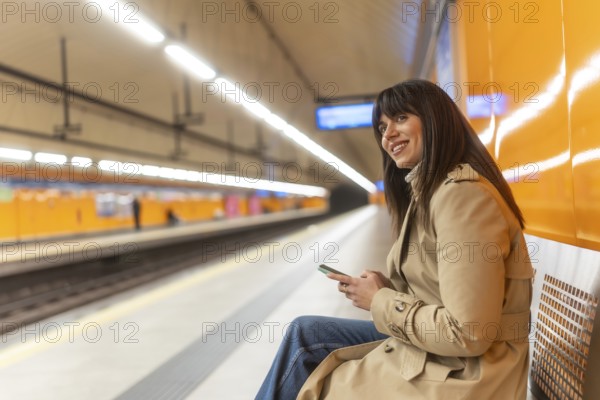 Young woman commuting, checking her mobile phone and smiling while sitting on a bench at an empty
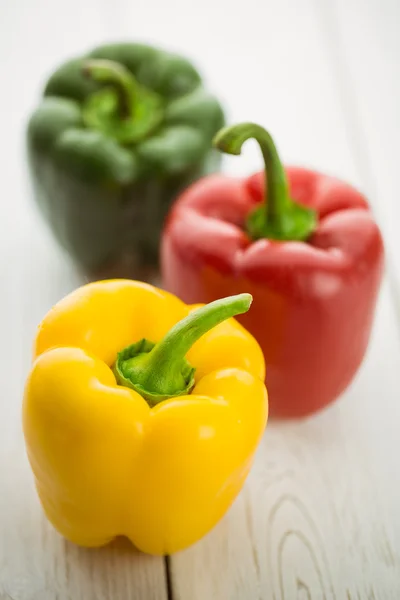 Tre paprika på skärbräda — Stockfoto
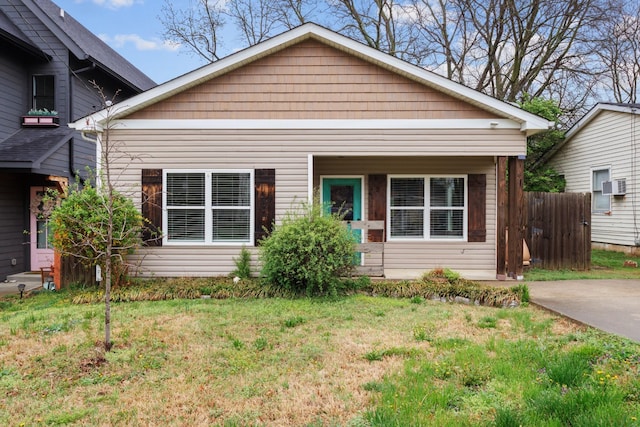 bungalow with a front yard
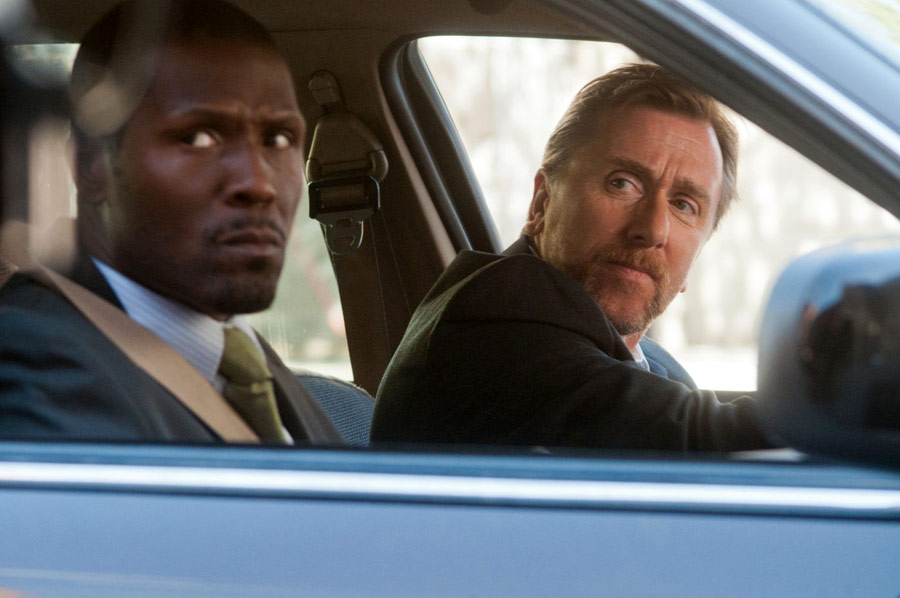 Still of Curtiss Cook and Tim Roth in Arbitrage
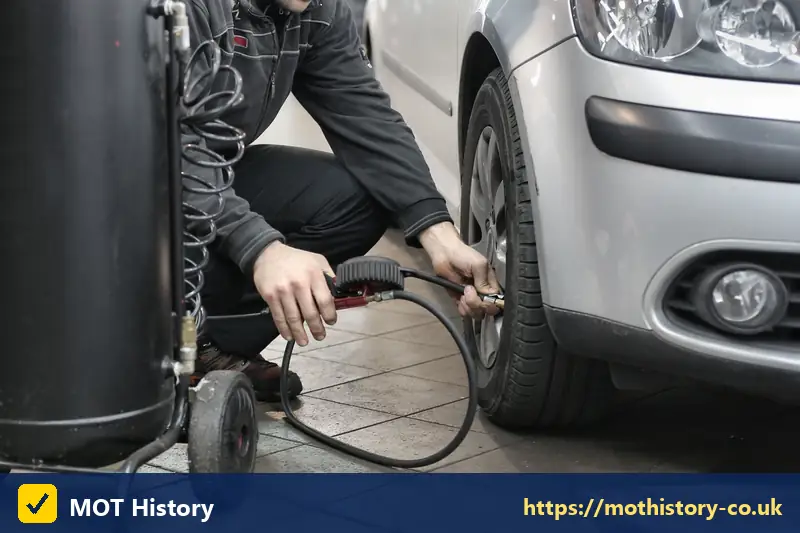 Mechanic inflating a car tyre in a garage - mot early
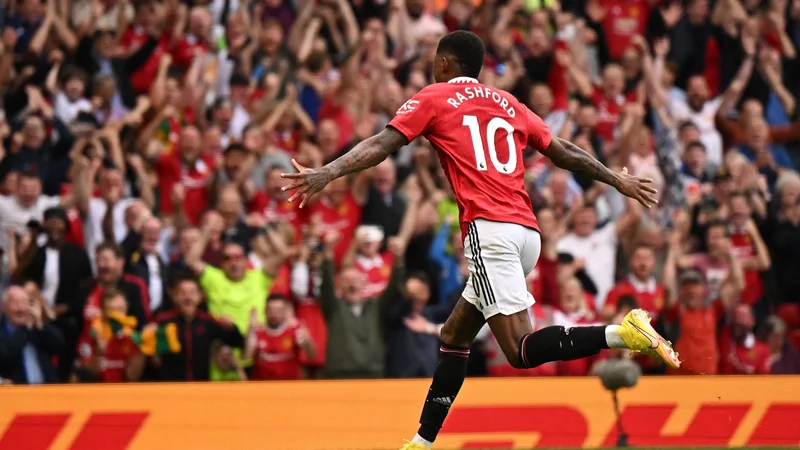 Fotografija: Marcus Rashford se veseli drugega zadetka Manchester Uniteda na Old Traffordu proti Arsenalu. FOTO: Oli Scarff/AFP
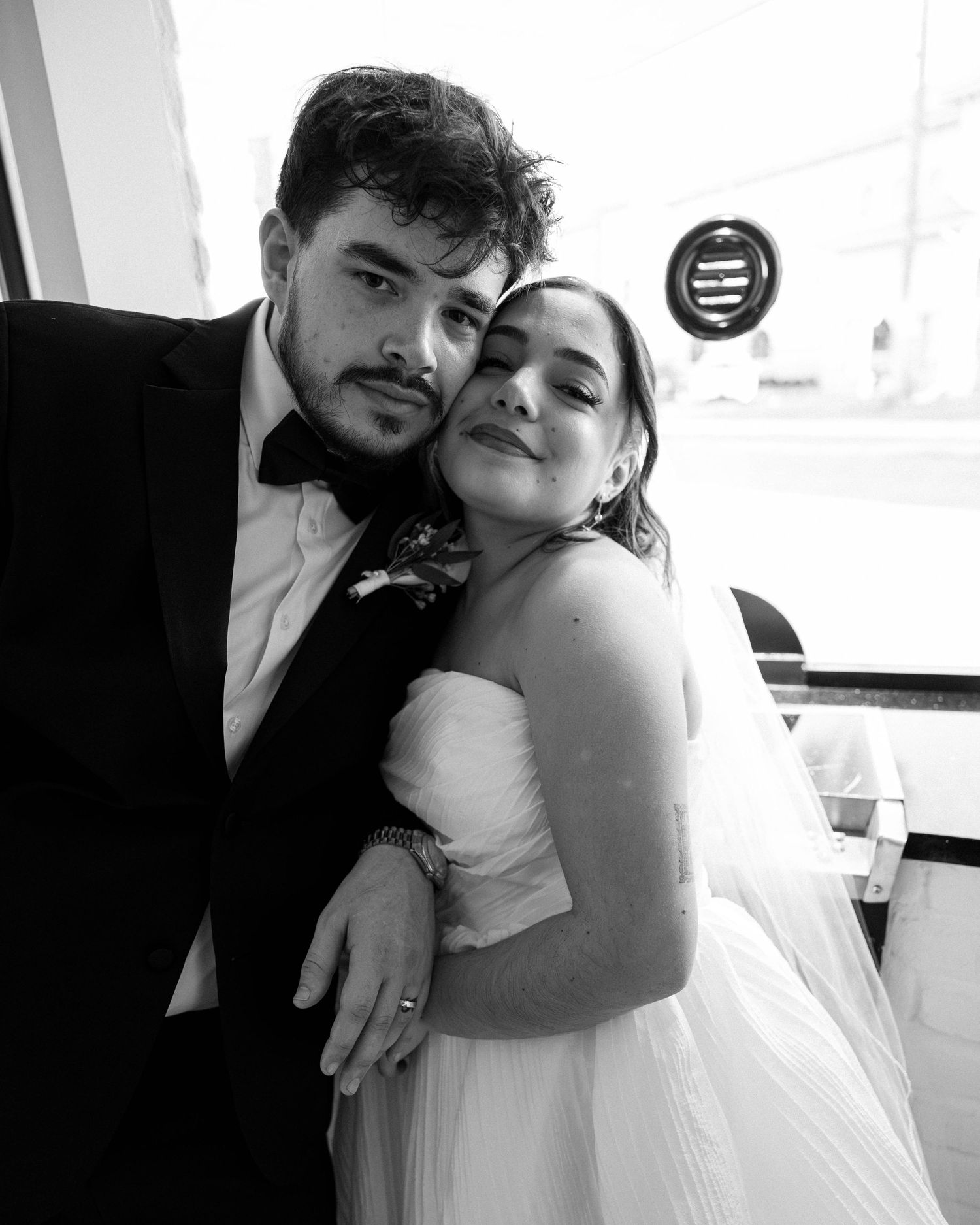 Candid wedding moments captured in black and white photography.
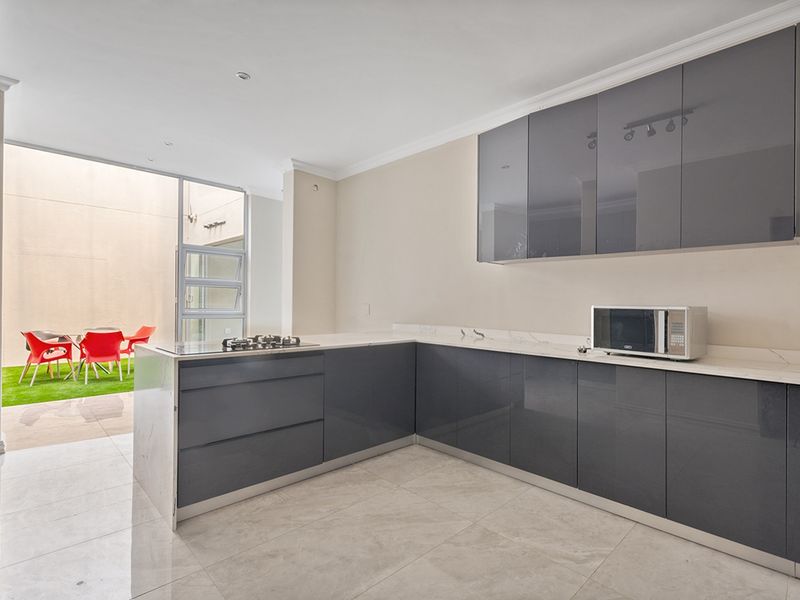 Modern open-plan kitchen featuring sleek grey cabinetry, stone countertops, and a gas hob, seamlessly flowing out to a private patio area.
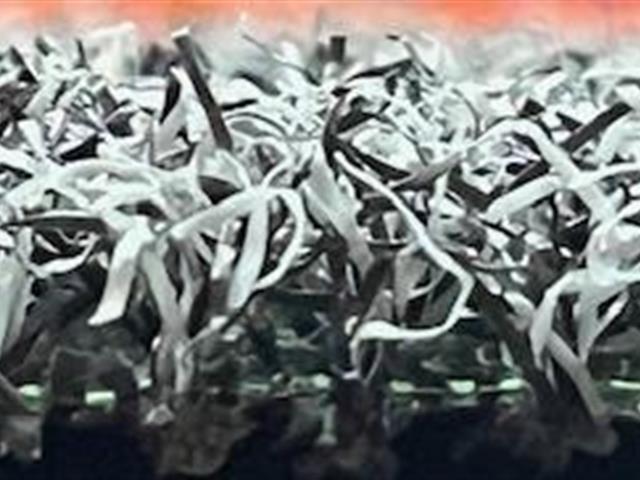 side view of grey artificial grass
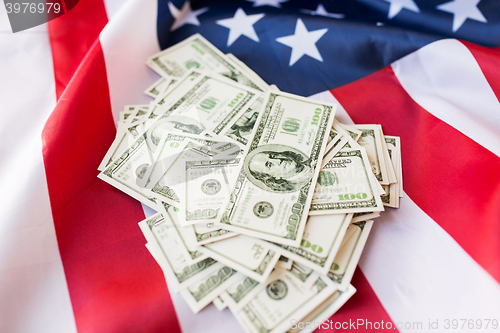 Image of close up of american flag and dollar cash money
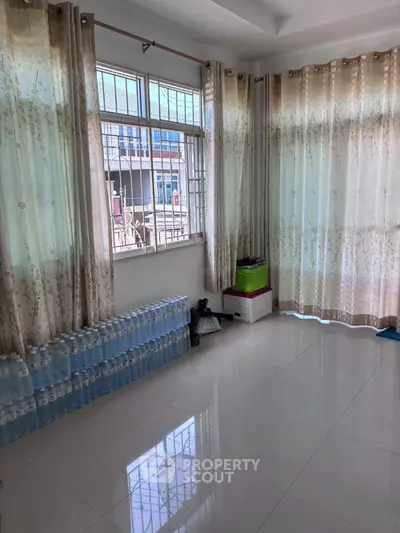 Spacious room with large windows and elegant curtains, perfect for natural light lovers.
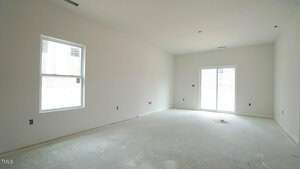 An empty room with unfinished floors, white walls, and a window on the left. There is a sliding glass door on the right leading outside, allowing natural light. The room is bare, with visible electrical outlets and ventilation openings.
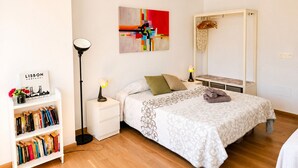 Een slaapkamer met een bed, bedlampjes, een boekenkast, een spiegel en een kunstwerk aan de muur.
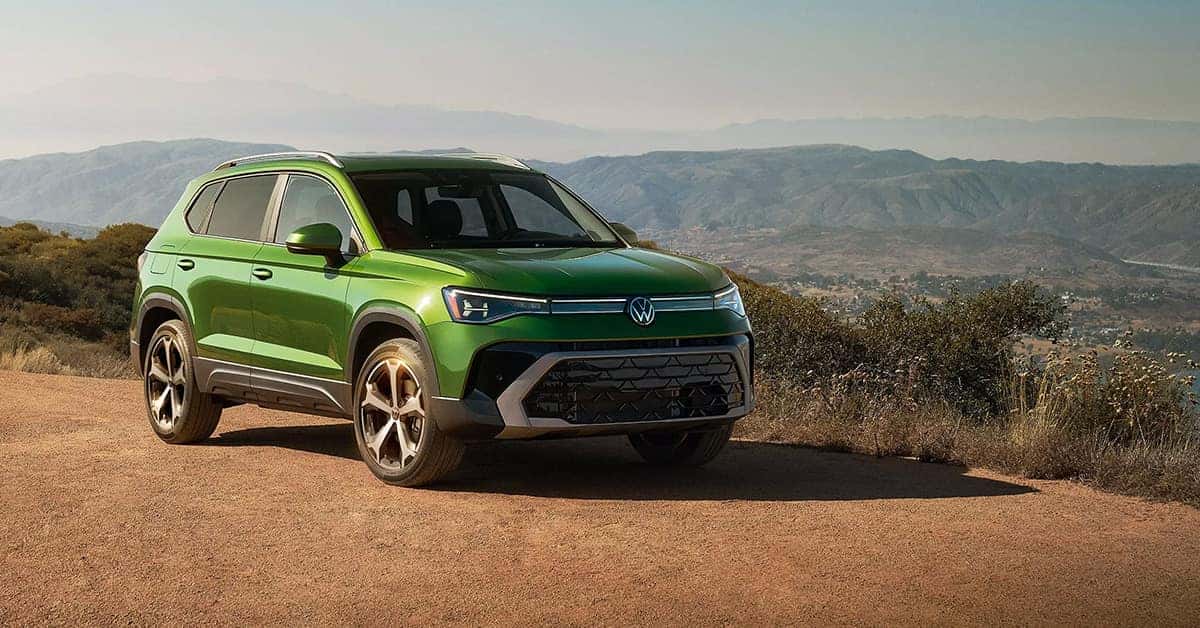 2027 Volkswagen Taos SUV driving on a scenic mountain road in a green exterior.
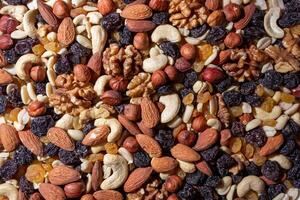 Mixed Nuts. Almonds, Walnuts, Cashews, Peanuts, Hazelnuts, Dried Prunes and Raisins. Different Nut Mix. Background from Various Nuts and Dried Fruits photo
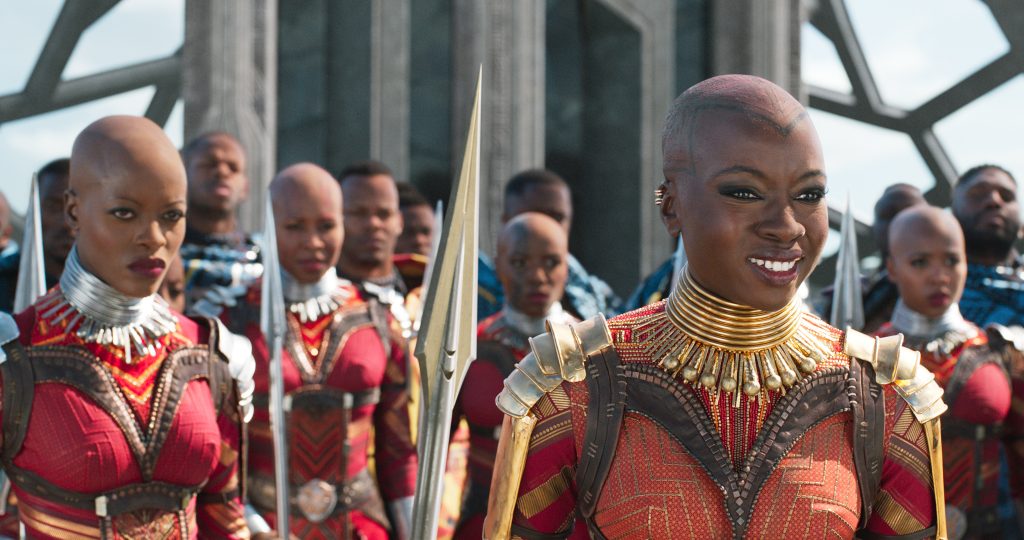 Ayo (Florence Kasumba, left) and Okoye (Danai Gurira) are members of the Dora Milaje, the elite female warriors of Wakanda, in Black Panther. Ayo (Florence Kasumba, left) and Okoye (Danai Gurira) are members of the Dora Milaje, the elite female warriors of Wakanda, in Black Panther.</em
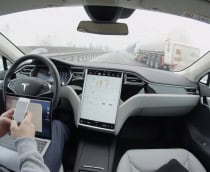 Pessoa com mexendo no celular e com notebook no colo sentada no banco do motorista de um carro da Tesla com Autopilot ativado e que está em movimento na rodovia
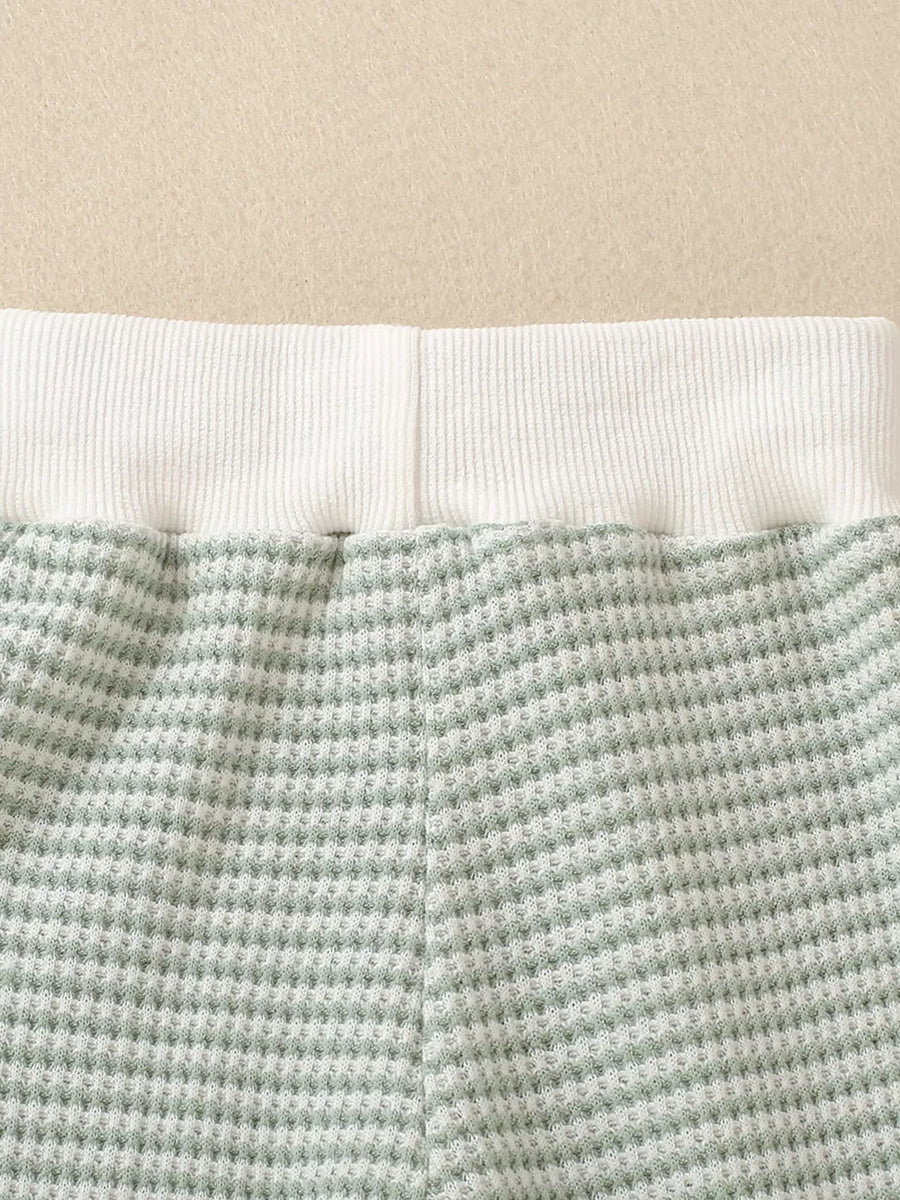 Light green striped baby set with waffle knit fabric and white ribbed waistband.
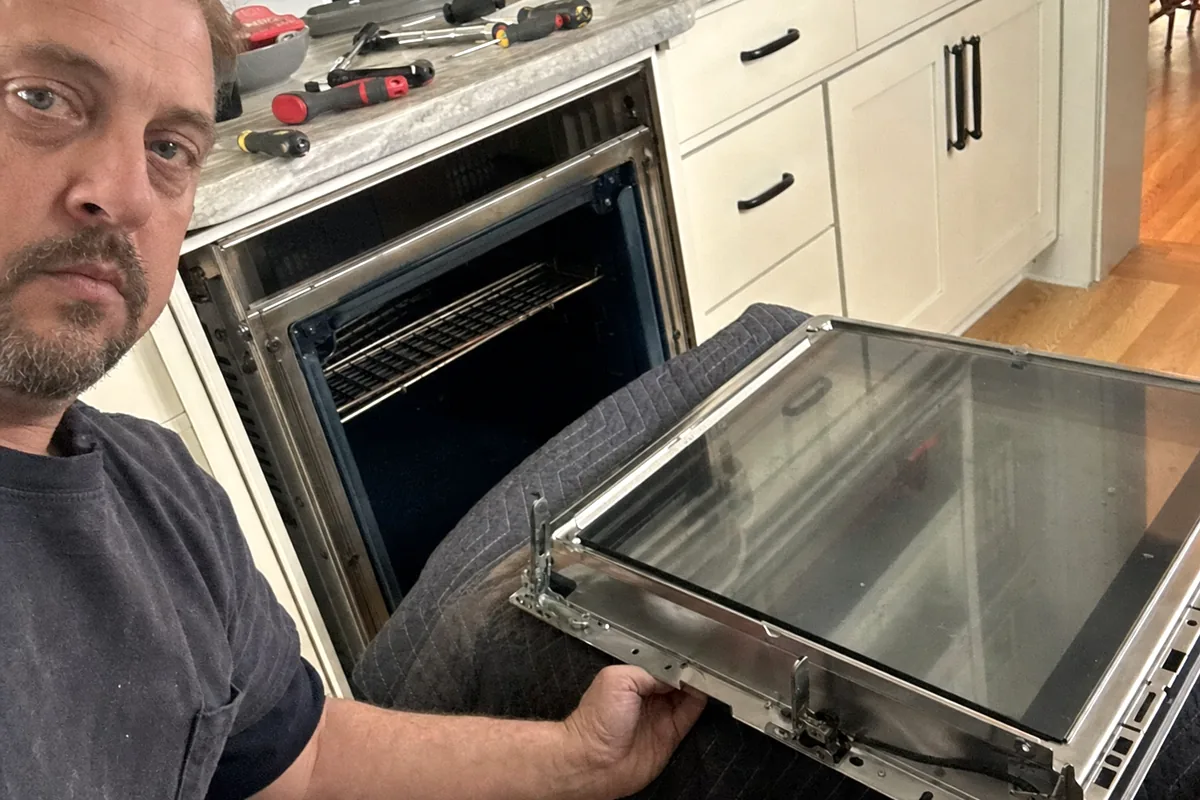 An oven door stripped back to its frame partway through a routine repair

**HOW TO COMPLETE THIS TASK:** For this answer, return word for word the lines from the first line of the records through the line containing "Een slaapkamer met". Omit the pictures.

**ANSWER AREA:**
 Young woman commuting, checking her mobile phone and smiling while sitting on a bench at an empty
 Tre paprika på skärbräda — Stockfoto
 bungalow with a front yard
 Still of Curtiss Cook and Tim Roth in Arbitrage
 Mechanic inflating a car tyre in a garage - mot early
 Fotografija: Marcus Rashford se veseli drugega zadetka Manchester Uniteda na Old Traffordu proti Arsenalu. FOTO: Oli Scarff/AFP
 Candid wedding moments captured in black and white photography.
 Modern open-plan kitchen featuring sleek grey cabinetry, stone countertops, and a gas hob, seamlessly flowing out to a private patio area.
 side view of grey artificial grass
 Image of close up of american flag and dollar cash money
 Spacious room with large windows and elegant curtains, perfect for natural light lovers.
 An empty room with unfinished floors, white walls, and a window on the left. There is a sliding glass door on the right leading outside, allowing natural light. The room is bare, with visible electrical outlets and ventilation openings.
 Een slaapkamer met een bed, bedlampjes, een boekenkast, een spiegel en een kunstwerk aan de muur.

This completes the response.